Setahun sudah berlalu, kali ini anak laki-laki itu mengajak sang gadis pergi ke tempat favoritnya yaitu rumah pohon dan danau yang sangat indah.

"Bi, mau naik ke sana!"  gadis itu merengek sembari menunjuk ke atas rumah pohon, membuat sang anak laki-laki menggelengkan kepalanya pertanda tidak boleh.

"Mau naik, Bi," rengek gadis kecil itu seraya mengoyangkan sang anak laki-laki dengan kencang.

"No ... Cha ... No," sahut anak laki-laki itu, gadis kecil itu menundukan kepalanya seraya menjauhkan tubuh dari anak laki-laki itu.

"Jangan  nanti jatuh gimana? licin,  baru turun hujan lain kali aja, ya," ucap laki-laki itu seraya membujuk sang sahabat yang sedang sedih karena tak bisa naik ke atas pohon.

"Cha, duduk di sana yuk. Liat ikan," ucap anak laki-laki itu lalu sang gadis mengangguk seraya mengikuti langkah kaki di depannya.

Gadis itu memperhatikan wajah anak laki-laki di depannya terlihat pucat pasih.

"Bi, sakit?" tanya sang gadis kecil seraya menempelkan punggung tangannya di dahi anak laki-laki itu.

Anak laki-laki itu menggelengkan kepala seraya tersenyum. "Engga," elak anak laki-laki itu sambil menahan air matanya keluar.

"Kok nangis sih, Bi," kata gadis kecil sembari mengusap pipi anak laki-laki dihadapannya dengan lembut.

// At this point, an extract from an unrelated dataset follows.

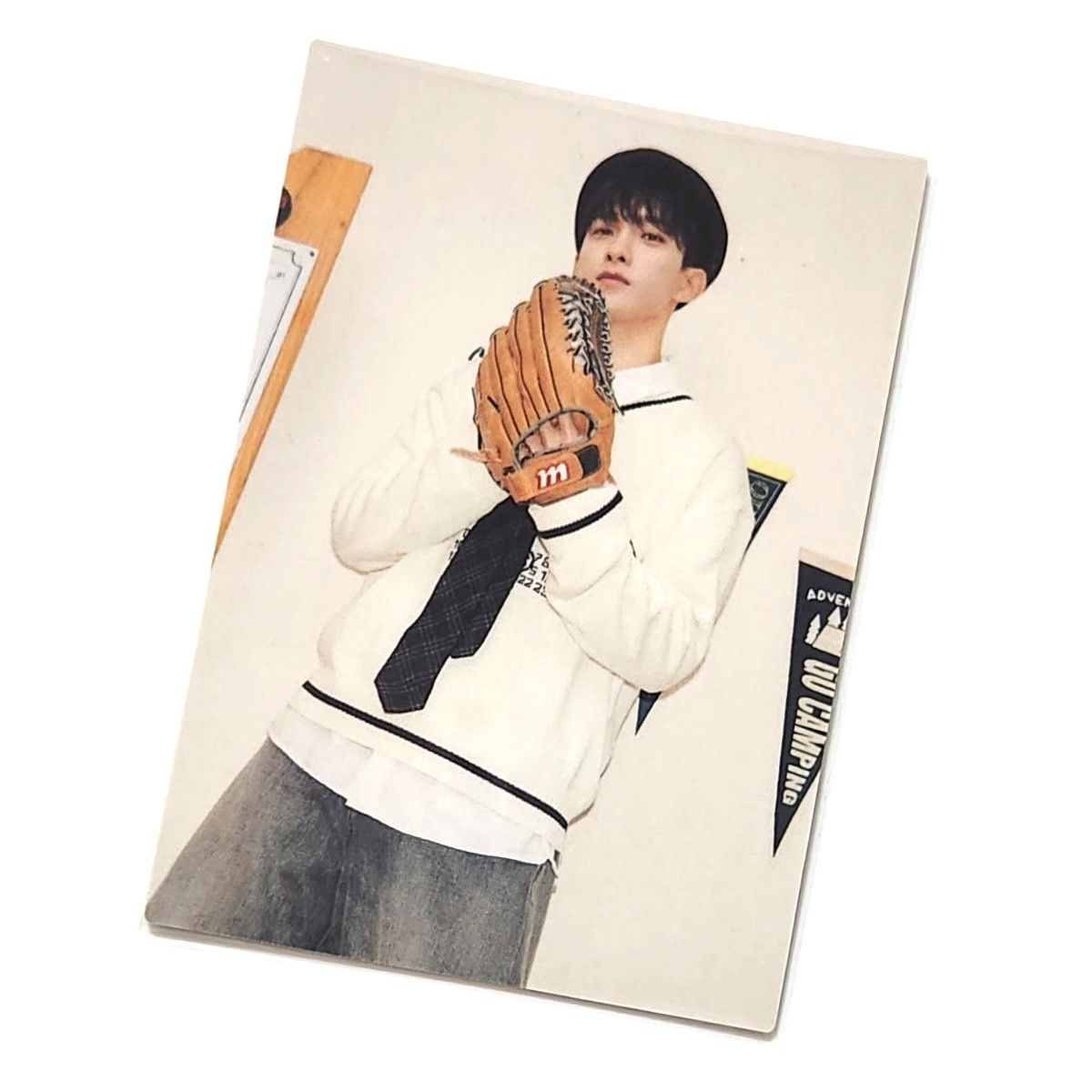 SEVENTEEN 2025 FANMEETING HOLIDAY 57 ドギョム トレカ セブチ SEVENTEEN 2025 FANMEETING HOLIDAY 57 ドギョム トレカ セブチ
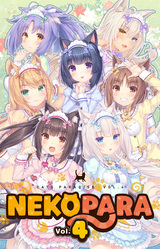 NEKOPARA Vol. 4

Anak itu kembali menggelengkan kepalanya kemudian mengambil sesuatu di balik sahu celana jeansnya. "Cha, pake ininya kenang-kenangan dari Bi kalau misalnya Bi pergi," ucap anak laki-laki itu seraya memasangkan gelang berwarna hitam ke tangan sang gadis.

"Bi mau pergi ninggalin Cha sendirian?" tanya  gadis kecil air matanya mengalir dengan deras.

Anak laki-laki itu mengangguk seraya senyum masih mengembang di bibirnya. Tapi, tiba-tiba darah mengalir dari hidung anak laki-laki itu dengan deras hingga membasahi bajunya yang putih kini merah dibagian kerah.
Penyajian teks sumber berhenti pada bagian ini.